Dominic Reinold

Personal information
- Date of birth: 7 January 1989 (age 37)
- Place of birth: Wesseling, West Germany
- Height: 1.91 m (6 ft 3 in)
- Position: Forward

Youth career
- Hamburger SV
- 2007–2008: Bonner SC
- 2009–2010: Fairleigh Dickinson Knights

Senior career*
- Years: Team / Apps / (Gls)
- 2010–2011: New Jersey Rangers / 11 / (6)
- 2011–2012: Beira-Mar / 2 / (0)
- 2011–2012: → Covilhã (loan) / 24 / (2)
- Total:  / 37 / (8)

= Dominic Reinold =

German footballer (born 1989)

Dominic Reinold (born 7 January 1989) is a German former professional footballer who played as a forward.

==College and amateur career==
Reinold moved to the United States to play college soccer at Fairleigh Dickinson University in 2009. In his freshman year, Reinold made 18 appearances and led his team with 12 goals and also recorded four assists for a total of 28 points.
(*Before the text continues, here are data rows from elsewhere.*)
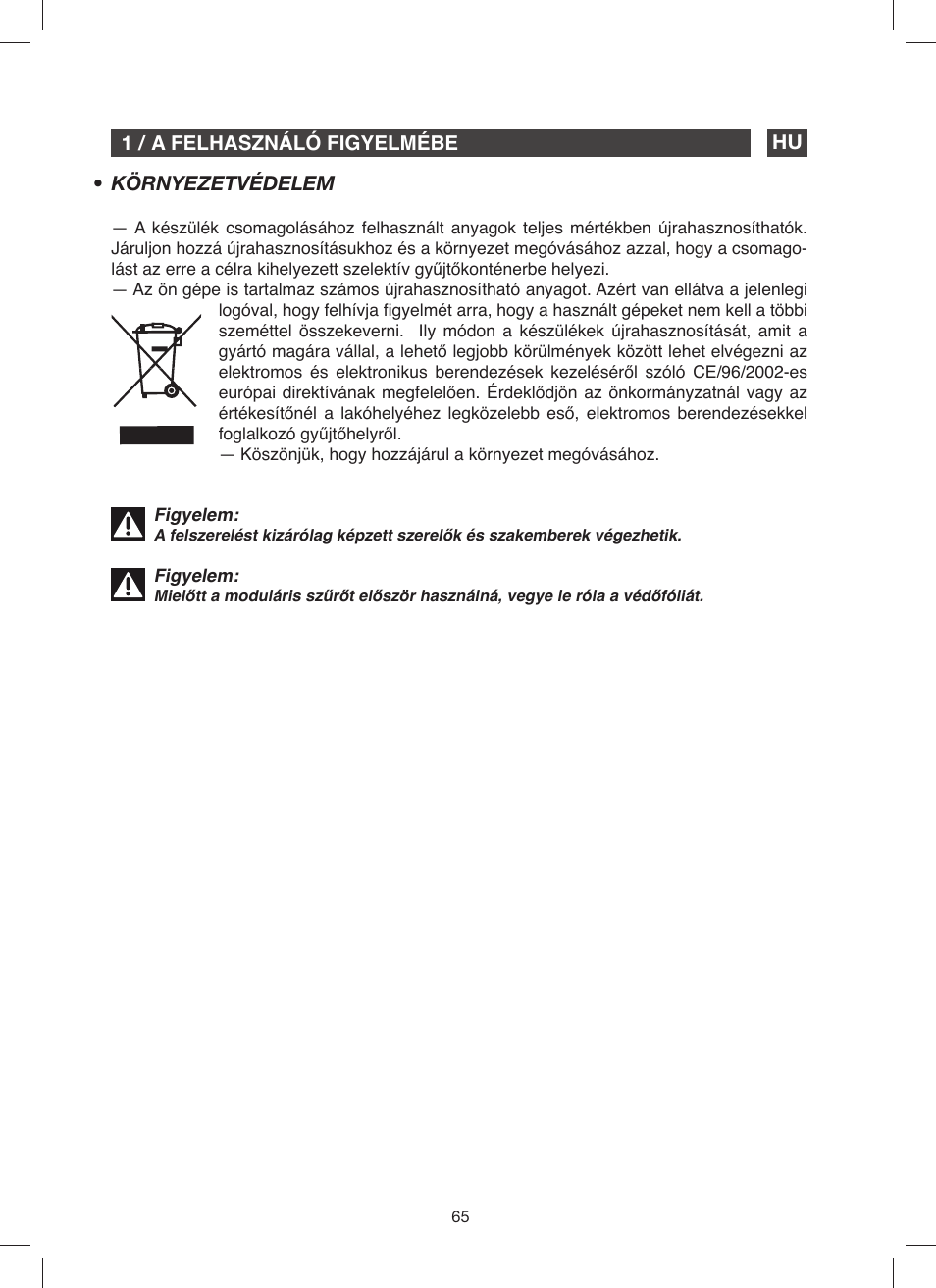 Fagor 9CFV92IX User Manual | Page 65 / 144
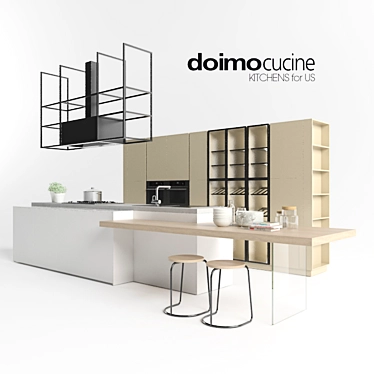 Elegant Customizable Doimo Kitchen 3D model image 1 
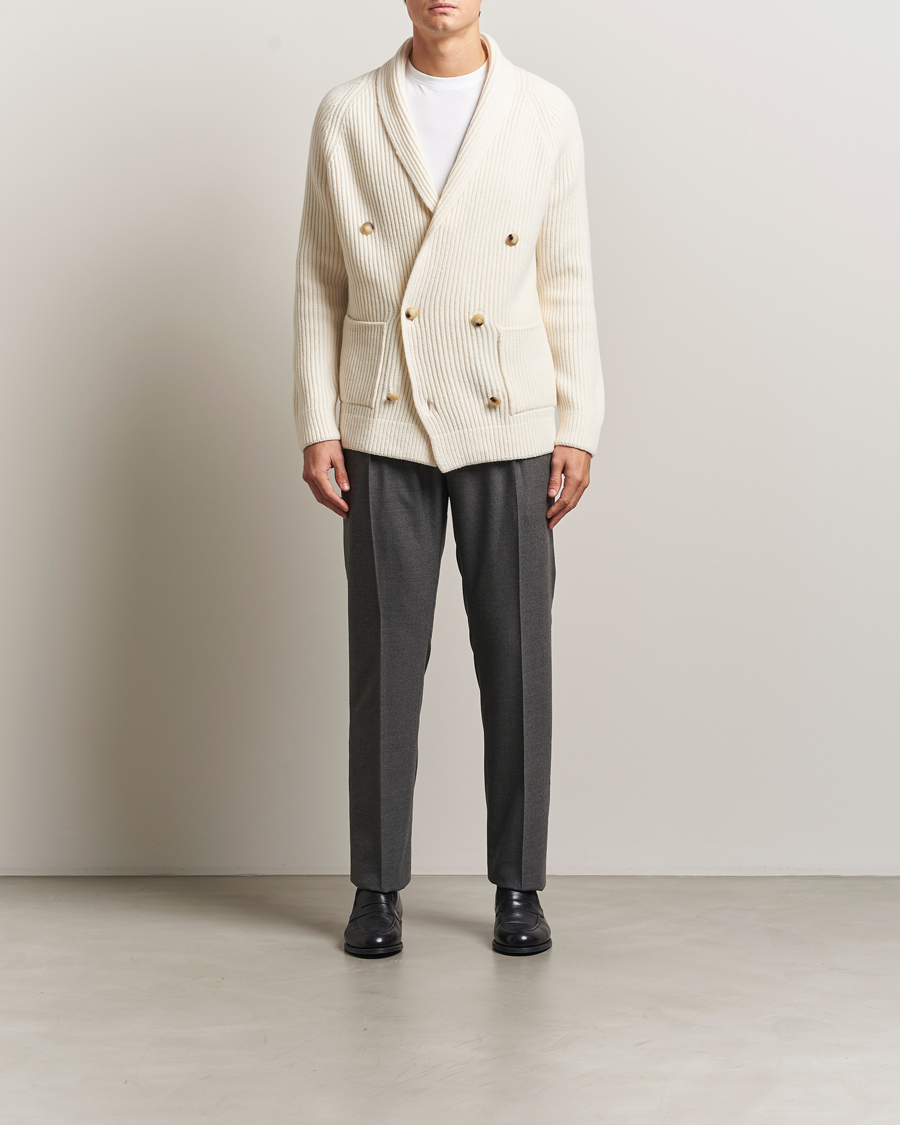 Homme | Pulls Et Tricots | Gran Sasso | Shawl Collar Heavy Knitted Wool Cardigan Cream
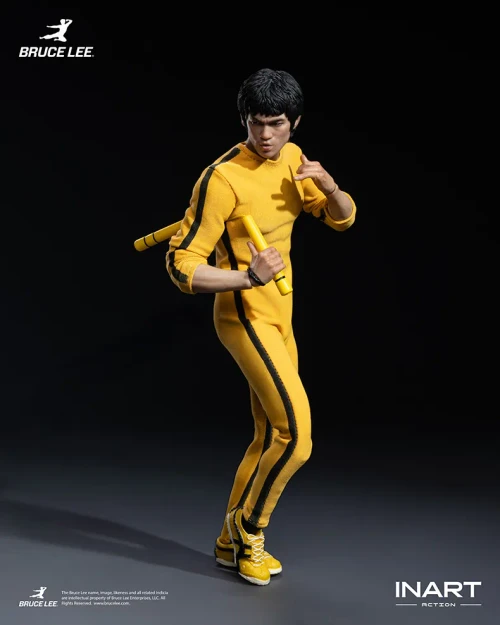Pre-order the INART Bruce Lee Yellow Jumpsuit 1/12 Scale Action Figure at HobbyGalaxy.com. Real fabric jumpsuit, nunchaku, whip & base.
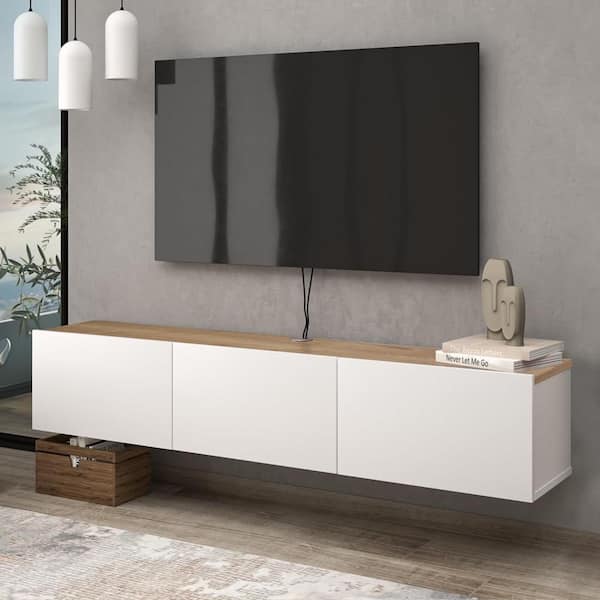 White and Brown Finish TV Stand Fits TV's up to 75 in.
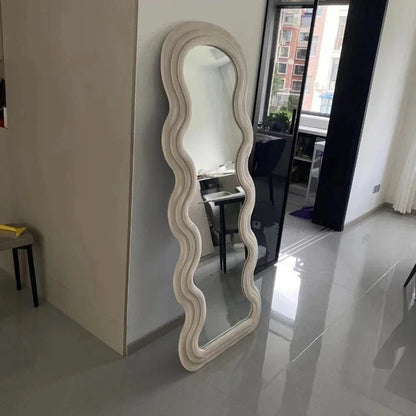 Bedroom Full Body Floor Mirror, Wave Decorative Mirror, Home Decoration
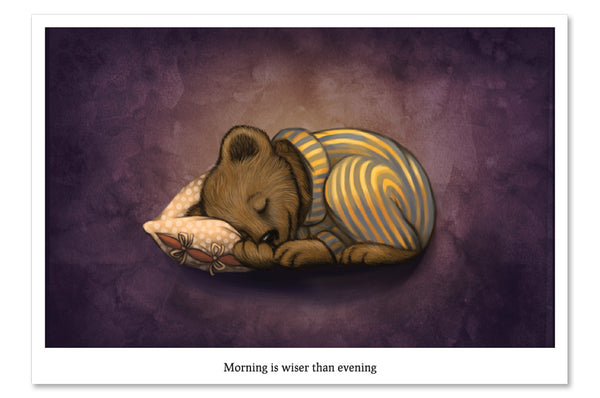Postcard "Morning is wiser than evening" (Bear)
In his sophomore year, he finished with nine goals and four assists for a total of 22 points.

During his two years at Fairleigh Dickinson, Reinold was named to the First Team All-Northeast Conference in 2009 and 2010 and National Soccer Coaches Association of America Second Team All-North Atlantic Region in 2010. He was also named 2009 Northeast Conference Rookie of the Year.

Reinold also spent two seasons with the New Jersey Rangers in the USL Premier Development League.

==Professional==
On 21 July 2011, after a successful trial, Reinold signed a two-year contract with Beira-Mar, forgoing his final two years of eligibility with Fairleigh Dickinson. He made his professional debut on 14 August, coming on as a sub for Zhang Chengdong in a 0–0 draw against Marítimo.